> **Data listing**:
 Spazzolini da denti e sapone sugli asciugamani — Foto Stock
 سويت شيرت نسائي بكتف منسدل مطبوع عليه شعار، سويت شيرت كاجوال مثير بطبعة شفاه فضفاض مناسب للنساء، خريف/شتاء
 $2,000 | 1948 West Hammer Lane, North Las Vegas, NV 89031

...

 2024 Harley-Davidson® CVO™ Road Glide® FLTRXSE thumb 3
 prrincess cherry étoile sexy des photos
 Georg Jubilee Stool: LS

--

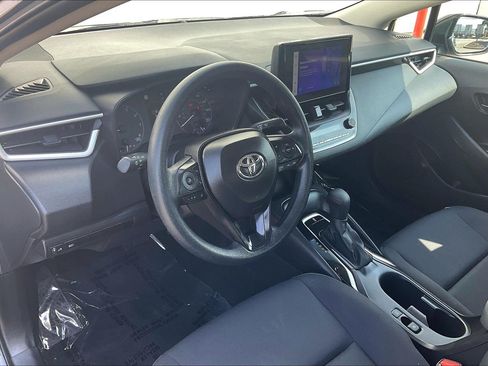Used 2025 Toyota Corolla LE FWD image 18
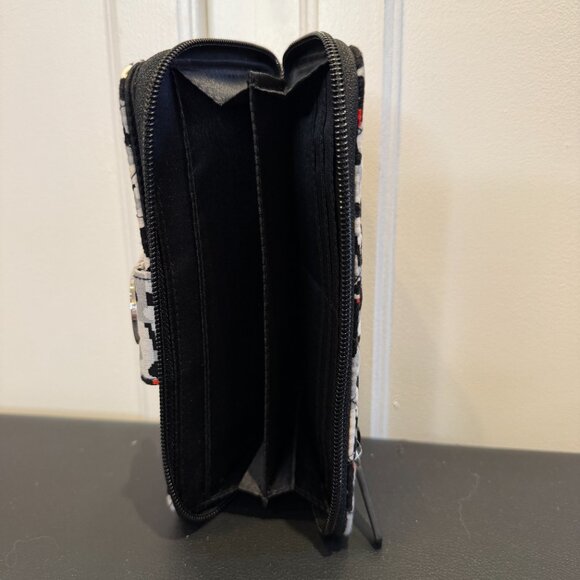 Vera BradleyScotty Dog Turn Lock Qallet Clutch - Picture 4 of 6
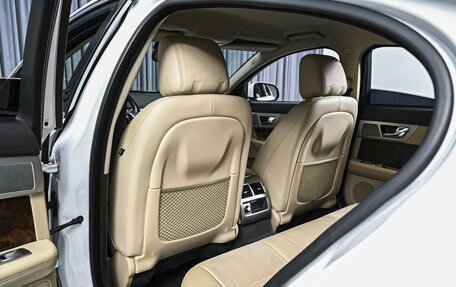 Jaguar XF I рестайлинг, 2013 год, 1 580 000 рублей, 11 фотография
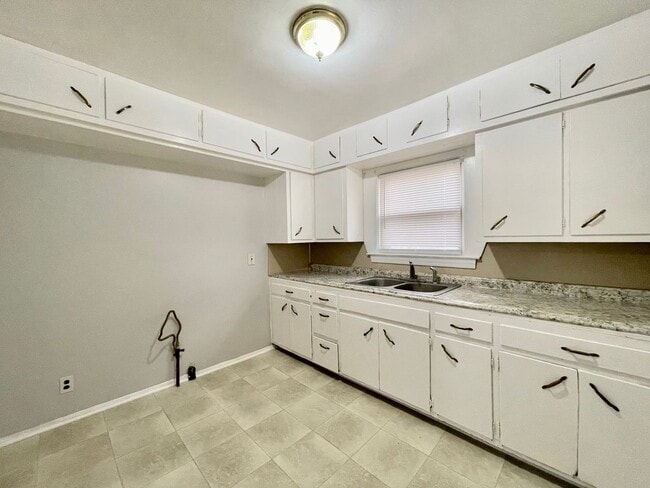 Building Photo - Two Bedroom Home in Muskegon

> **Task statement**:
For the material above, reproduce exactly the lines from the line with "Spazzolini da denti" to the line with "Vegas, NV 89031", inclusive, and exclude all others.

> **Answer area**:
 Spazzolini da denti e sapone sugli asciugamani — Foto Stock
 سويت شيرت نسائي بكتف منسدل مطبوع عليه شعار، سويت شيرت كاجوال مثير بطبعة شفاه فضفاض مناسب للنساء، خريف/شتاء
 $2,000 | 1948 West Hammer Lane, North Las Vegas, NV 89031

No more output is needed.